Qué desgracia teníamos en Almería. Quién nos había echado el mal de ojo. Qué astros se alineaban para llenar de sombras nuestro destino. Otra vez se nos cruzaba por delante ese maldito cenizo que nos condenaba a ser pobres toda la vida, justo en el momento más inoportuno, cuando acabábamos de comernos las uvas para recibir el bendito año de 1966, una fecha marcada en rojo en nuestro calendario, un año lleno de esperanzas económicas en el que todo parecía programado para que el proyecto turístico de nuestra tierra se asentara definitivamente y cogiera cuerpo.

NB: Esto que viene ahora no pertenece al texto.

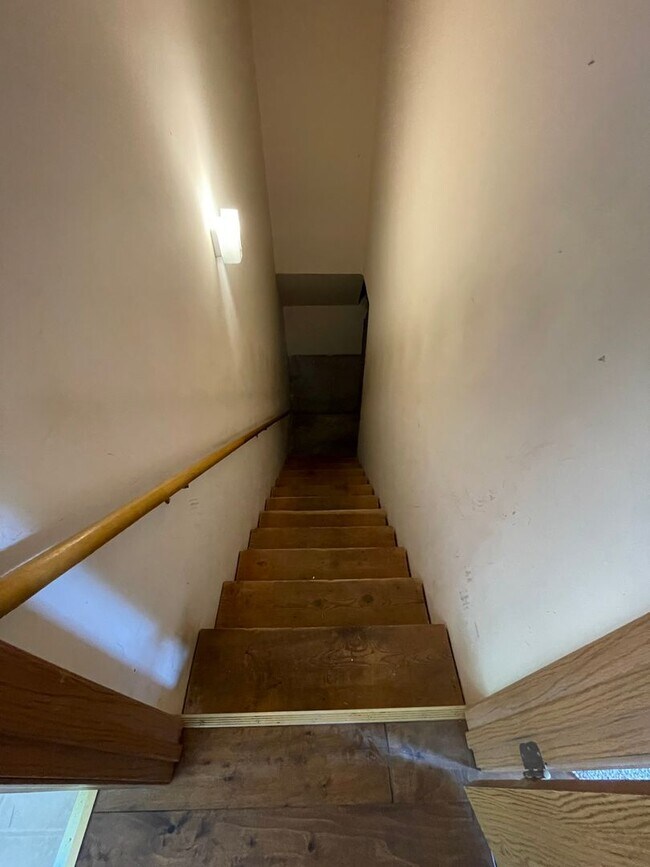 Building Photo - 3 bed/2 bath single- family home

Nadie se podía imaginar lo que el cielo nos tenía preparado. Aquí estábamos acostumbrados a que del cielo nos llegaran las inundaciones que tanto daño causaban en nuestro infinito entramado de ramblas y en nuestros barrios más pobres, pero quién iba a pensar que en vez de chuzos de punta o de granizo, nos iban a caer dos aviones con bombas y lo que era peor aún, la incertidumbre de un mar contaminado por la radiactividad.

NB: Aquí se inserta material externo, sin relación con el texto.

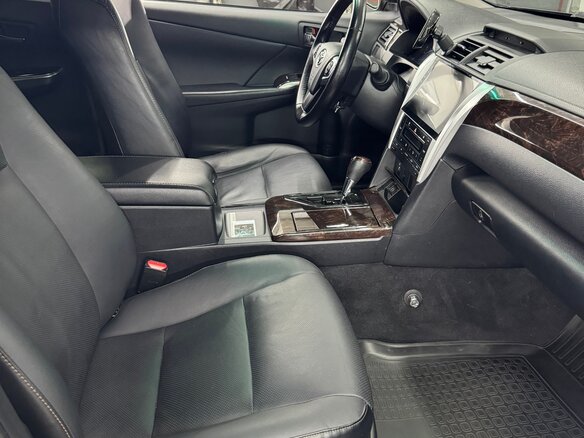 2015 Toyota Camry VII (XV50) Рестайлинг, чёрный - вид 11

Pensábamos que todo lo teníamos a nuestro favor, que hasta el ministro Fraga se había puesto la camiseta de Almería para llevarnos en volandas y embarcarnos en ese gran trasatlántico del turismo que nos iba a sacar de pobres. Habíamos entrado en el nuevo año contándole a España que en Almería se estaban construyendo veintiséis hoteles, que nos íbamos a modernizar de verdad, que no queríamos seguir en la cola, siendo aquel nido de fondas baratas donde paraban los viajantes más humildes y los mercaderes del barco de Melilla que trapicheaban con la mantequilla y el queso de bola. Íbamos a tener hoteles de verdad, con bañera y váter dentro de las habitaciones, y hasta con un servicio de botones perfectamente uniformados, como los que veíamos en las películas. Sí, los hoteles eran una realidad y algunos tan lujosos como el Gran Hotel que se estaba terminando frente al Parque o como ese Parador Nacional que se acababa de concluir en Mojácar y que ya estaba a punto para el próximo verano.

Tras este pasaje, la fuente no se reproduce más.